Exercise details: Output, word for word, every line from the line with "La Catrina Midnight" through the final line of the data below.

Information:

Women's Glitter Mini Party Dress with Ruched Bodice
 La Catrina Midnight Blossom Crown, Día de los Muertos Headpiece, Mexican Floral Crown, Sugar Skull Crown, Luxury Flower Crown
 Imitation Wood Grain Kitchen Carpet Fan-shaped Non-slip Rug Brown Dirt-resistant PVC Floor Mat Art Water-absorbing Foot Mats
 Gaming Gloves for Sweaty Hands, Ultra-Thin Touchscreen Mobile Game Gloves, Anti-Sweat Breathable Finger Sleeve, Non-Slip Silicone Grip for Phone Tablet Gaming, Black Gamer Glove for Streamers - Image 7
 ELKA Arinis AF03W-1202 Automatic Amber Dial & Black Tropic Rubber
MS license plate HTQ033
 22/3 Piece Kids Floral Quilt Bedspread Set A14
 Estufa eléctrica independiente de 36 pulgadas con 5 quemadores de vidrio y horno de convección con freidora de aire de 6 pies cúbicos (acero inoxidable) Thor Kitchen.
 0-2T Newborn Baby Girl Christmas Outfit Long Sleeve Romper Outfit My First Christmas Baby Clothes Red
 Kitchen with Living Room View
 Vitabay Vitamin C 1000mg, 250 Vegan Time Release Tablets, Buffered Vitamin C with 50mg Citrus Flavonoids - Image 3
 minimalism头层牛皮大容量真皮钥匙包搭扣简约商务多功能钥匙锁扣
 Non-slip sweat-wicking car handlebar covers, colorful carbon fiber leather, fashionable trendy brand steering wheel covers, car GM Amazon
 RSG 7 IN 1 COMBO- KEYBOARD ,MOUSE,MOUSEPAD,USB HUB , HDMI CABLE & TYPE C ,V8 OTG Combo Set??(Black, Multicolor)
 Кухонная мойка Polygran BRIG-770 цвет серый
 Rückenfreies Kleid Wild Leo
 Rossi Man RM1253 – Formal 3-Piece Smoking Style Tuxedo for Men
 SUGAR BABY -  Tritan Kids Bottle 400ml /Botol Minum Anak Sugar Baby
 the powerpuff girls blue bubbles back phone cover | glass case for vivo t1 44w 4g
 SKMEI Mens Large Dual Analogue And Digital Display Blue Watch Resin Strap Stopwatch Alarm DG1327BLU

Output of the task:
 La Catrina Midnight Blossom Crown, Día de los Muertos Headpiece, Mexican Floral Crown, Sugar Skull Crown, Luxury Flower Crown
 Imitation Wood Grain Kitchen Carpet Fan-shaped Non-slip Rug Brown Dirt-resistant PVC Floor Mat Art Water-absorbing Foot Mats
 Gaming Gloves for Sweaty Hands, Ultra-Thin Touchscreen Mobile Game Gloves, Anti-Sweat Breathable Finger Sleeve, Non-Slip Silicone Grip for Phone Tablet Gaming, Black Gamer Glove for Streamers - Image 7
 ELKA Arinis AF03W-1202 Automatic Amber Dial & Black Tropic Rubber
MS license plate HTQ033
 22/3 Piece Kids Floral Quilt Bedspread Set A14
 Estufa eléctrica independiente de 36 pulgadas con 5 quemadores de vidrio y horno de convección con freidora de aire de 6 pies cúbicos (acero inoxidable) Thor Kitchen.
 0-2T Newborn Baby Girl Christmas Outfit Long Sleeve Romper Outfit My First Christmas Baby Clothes Red
 Kitchen with Living Room View
 Vitabay Vitamin C 1000mg, 250 Vegan Time Release Tablets, Buffered Vitamin C with 50mg Citrus Flavonoids - Image 3
 minimalism头层牛皮大容量真皮钥匙包搭扣简约商务多功能钥匙锁扣
 Non-slip sweat-wicking car handlebar covers, colorful carbon fiber leather, fashionable trendy brand steering wheel covers, car GM Amazon
 RSG 7 IN 1 COMBO- KEYBOARD ,MOUSE,MOUSEPAD,USB HUB , HDMI CABLE & TYPE C ,V8 OTG Combo Set??(Black, Multicolor)
 Кухонная мойка Polygran BRIG-770 цвет серый
 Rückenfreies Kleid Wild Leo
 Rossi Man RM1253 – Formal 3-Piece Smoking Style Tuxedo for Men
 SUGAR BABY -  Tritan Kids Bottle 400ml /Botol Minum Anak Sugar Baby
 the powerpuff girls blue bubbles back phone cover | glass case for vivo t1 44w 4g
 SKMEI Mens Large Dual Analogue And Digital Display Blue Watch Resin Strap Stopwatch Alarm DG1327BLU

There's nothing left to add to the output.